Proper time-wasters do have face-to-face meetings, anyway. It's another excuse to waste time walking around the office asking people if they've got any spare paper clips or if they've seen the email with the chimp on the bike.

Luckily for me, being a reporter involves a huge amount of perfectly legitimate time-wasting in the form of 'research'.

A shiver runs down my spine when I remember the bad old days before the internet when I was a rookie reporter and we had to research our stories by talking to real people on the telephone and looking at those dusty things that live on shelves – books, I think they used to call them in the olden days.

Back then, writing a story really did involve an incredible amount of work and a great deal of hovering over fax machines waiting for people to send you an illegible pieces of hastily photocopied paper which required World War Two code-crackers to decipher.

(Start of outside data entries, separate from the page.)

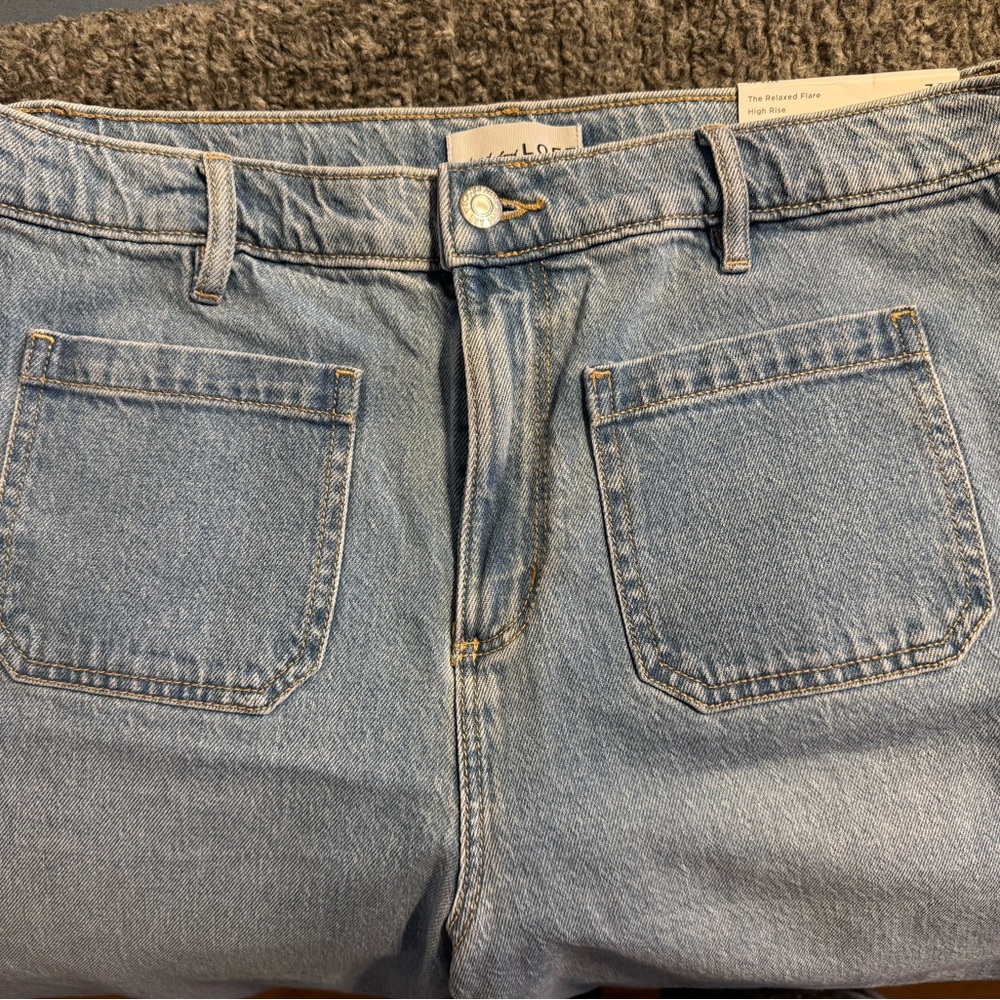 Loft Studded Relaxed Flare Jeans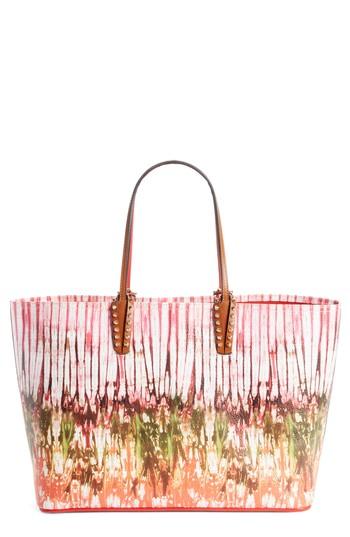 Christian Louboutin Cabata Bazin Printed Leather Tote - Pink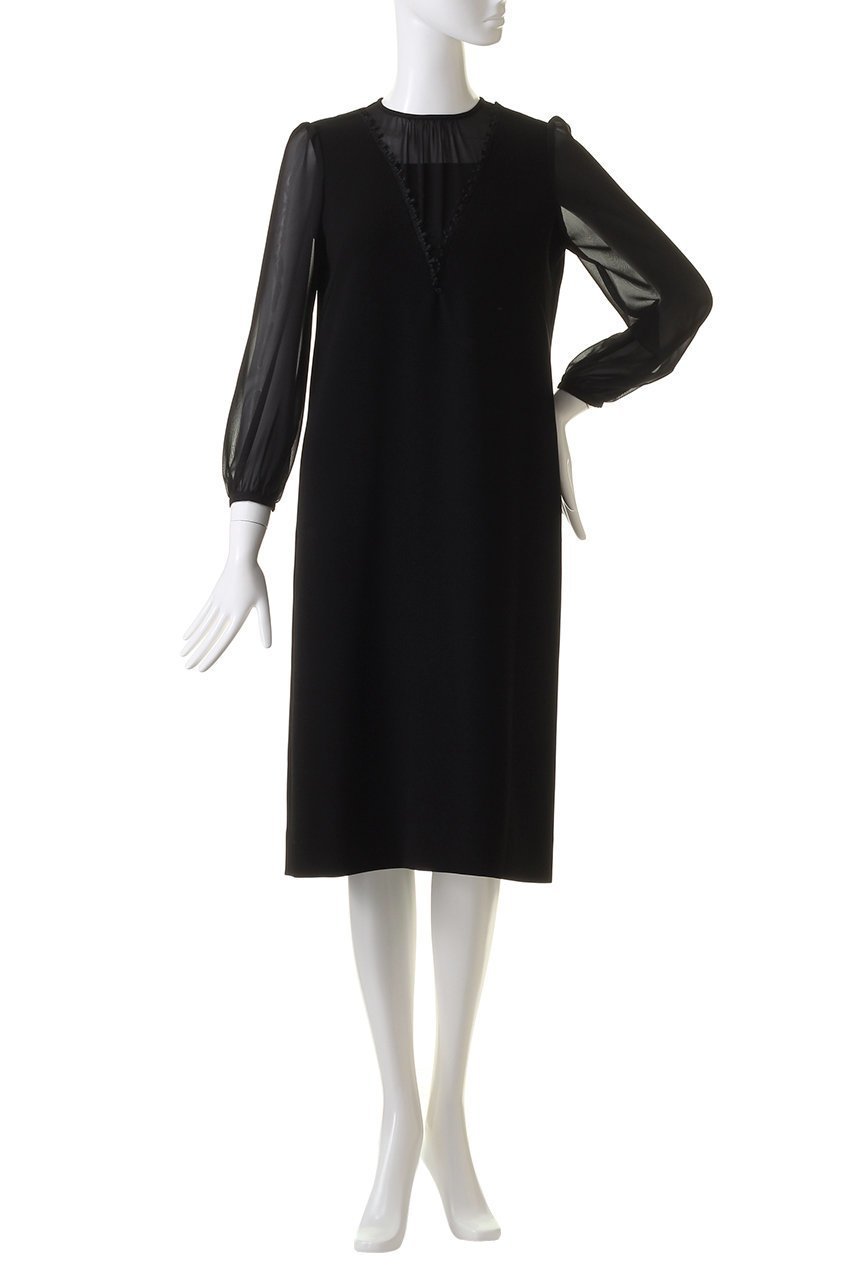 【アナイ/ANAYI】のストレッチクロスレイヤードドレスワンピース 人気、トレンドファッション・服の通販 founy(ファニー) 　ファッション　Fashion　レディースファッション　Ladies' Fashion Online　ワンピース　Dress　ドレス　Party Dresses　チュニック　Tunic　エレガント 上品　Elegant　シアー　Sheer　チュニック　Tunic　ドッキング　Docking　フォーマル　Formal　フリル　Frills　ロング　Long　再入荷　Restock/Back In Stock/Re Arrival　other-2|ID: prp329100004593298 ipo3291000000032614097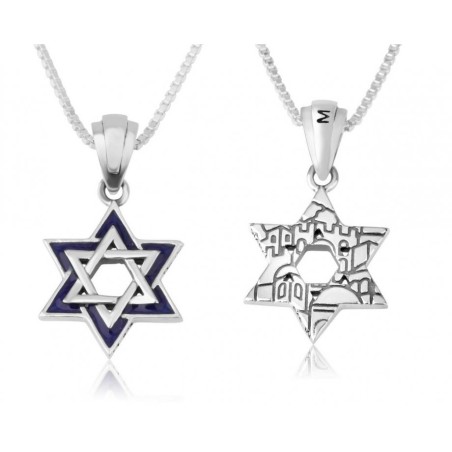 Sterling Silver Pendant Necklace Double S... | Jewish Gift from Israel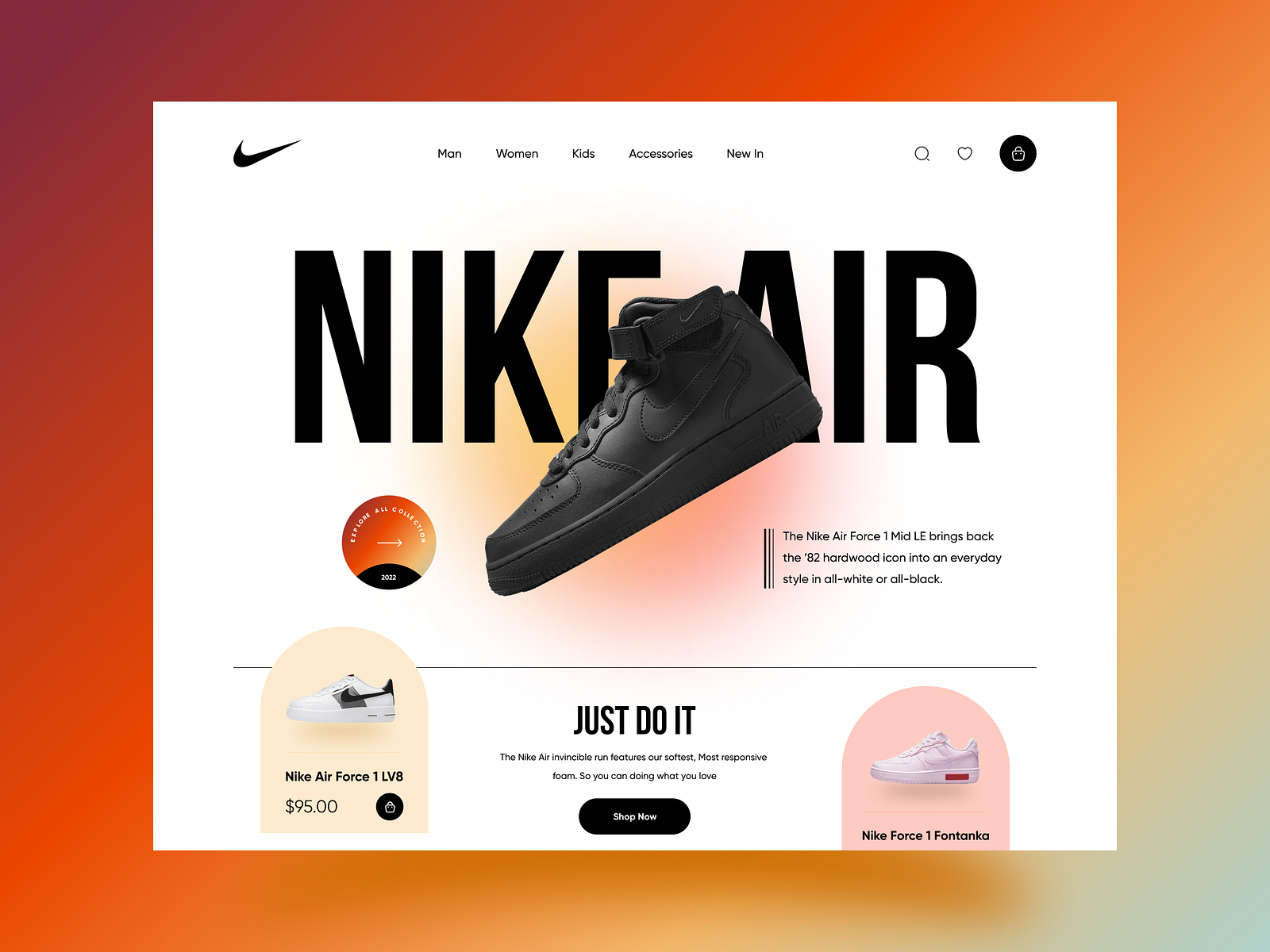 Nike Shoe Web Header by Sajon for Orix Creative on Dribbble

These days, all you need to do is type a few words into a search engine and you'll find 1,903,671 websites packed full of pertinent information in addition to a further 2,098,632 websites packed with useless information which you 'need' to trawl through on the grounds of accuracy.

For example; if I'm going to be interviewing someone suffering from an unusual, or complicated, or plain revolting illness, I need to know as much about it as possible before I start knocking on their door so that I don't appear to be as stupid as I actually am.

I also need to know if I've got a chance of catching said illness and whether I need to knock on the door wearing surgical scrubs and a diving helmet. Additionally, I find it also helps if I've Googled 'Damian Lewis naked' before I conduct an interview, just to see if anything useful pops up, as it were.

Anyway, if researchers publish a scientific study saying that slacking at work makes us stressed and unhappy, it can't be long before we can be signed off on the sick because doing practically nothing at work has left us too depressed to leave the sofa.

That way, we truly will be being paid for doing nothing and matters will have come full circle.